The lines below from the one with "Used 2021 Chevrolet" up to and including the one with "Mae Muller Is" are what you should set down, exactly and without pictures.

▶ **Data extracts**
%%

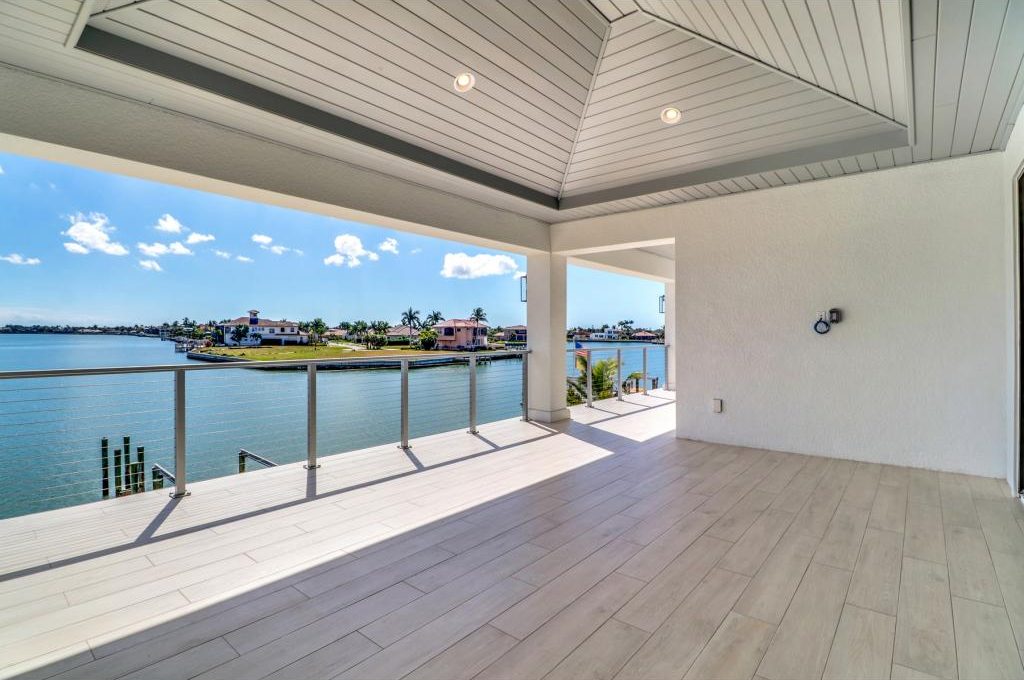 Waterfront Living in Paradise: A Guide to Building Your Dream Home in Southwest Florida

%%
%%

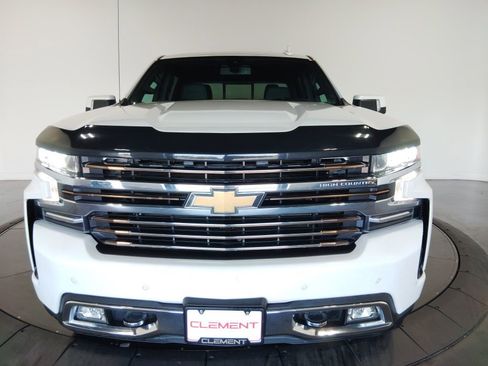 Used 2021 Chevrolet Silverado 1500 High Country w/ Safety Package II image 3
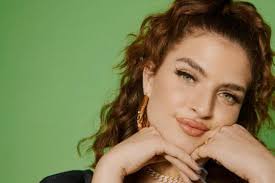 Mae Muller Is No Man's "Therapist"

%%
%%

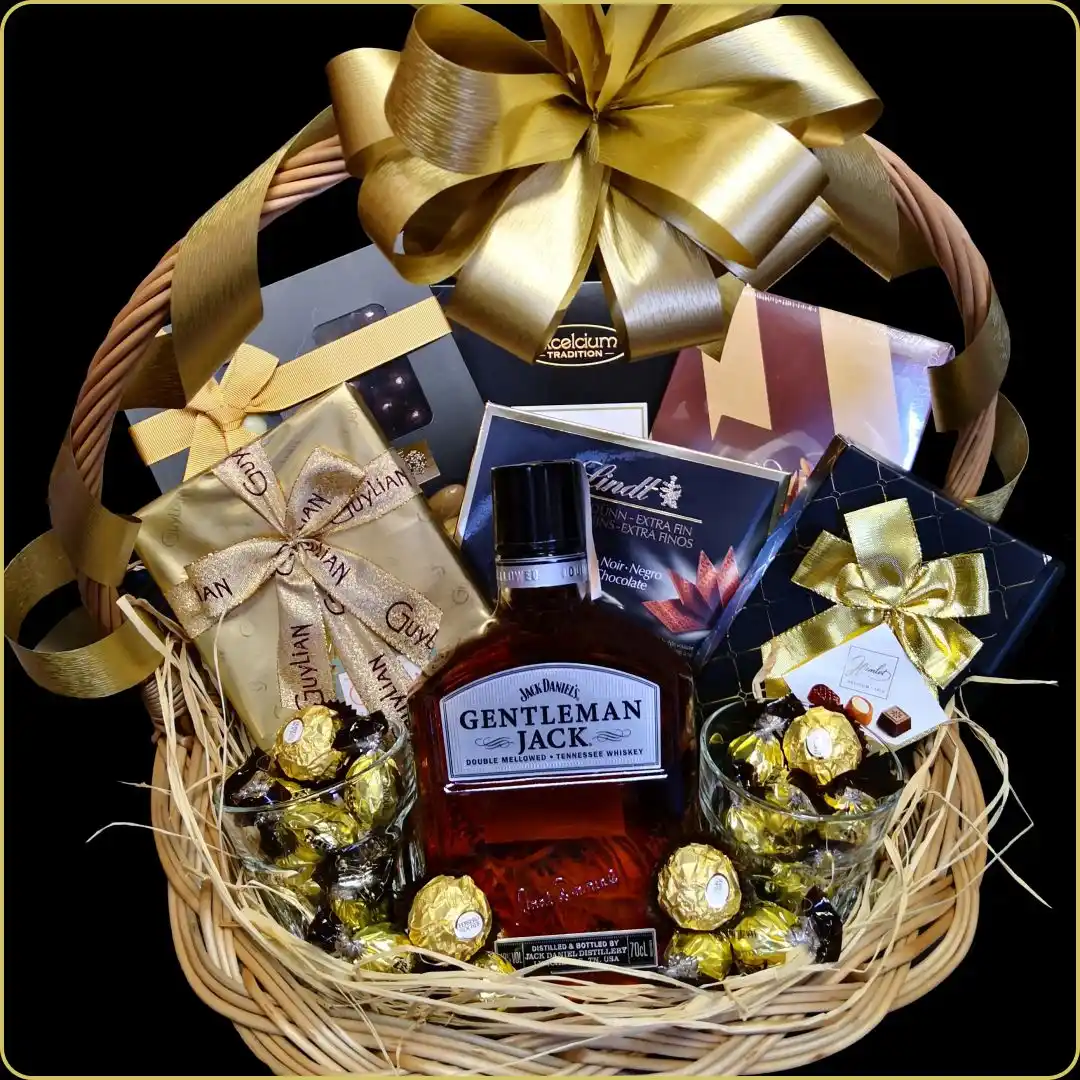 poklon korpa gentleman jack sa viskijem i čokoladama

%%

▶ **Answer box**
 Used 2021 Chevrolet Silverado 1500 High Country w/ Safety Package II image 3
 Mae Muller Is No Man's "Therapist"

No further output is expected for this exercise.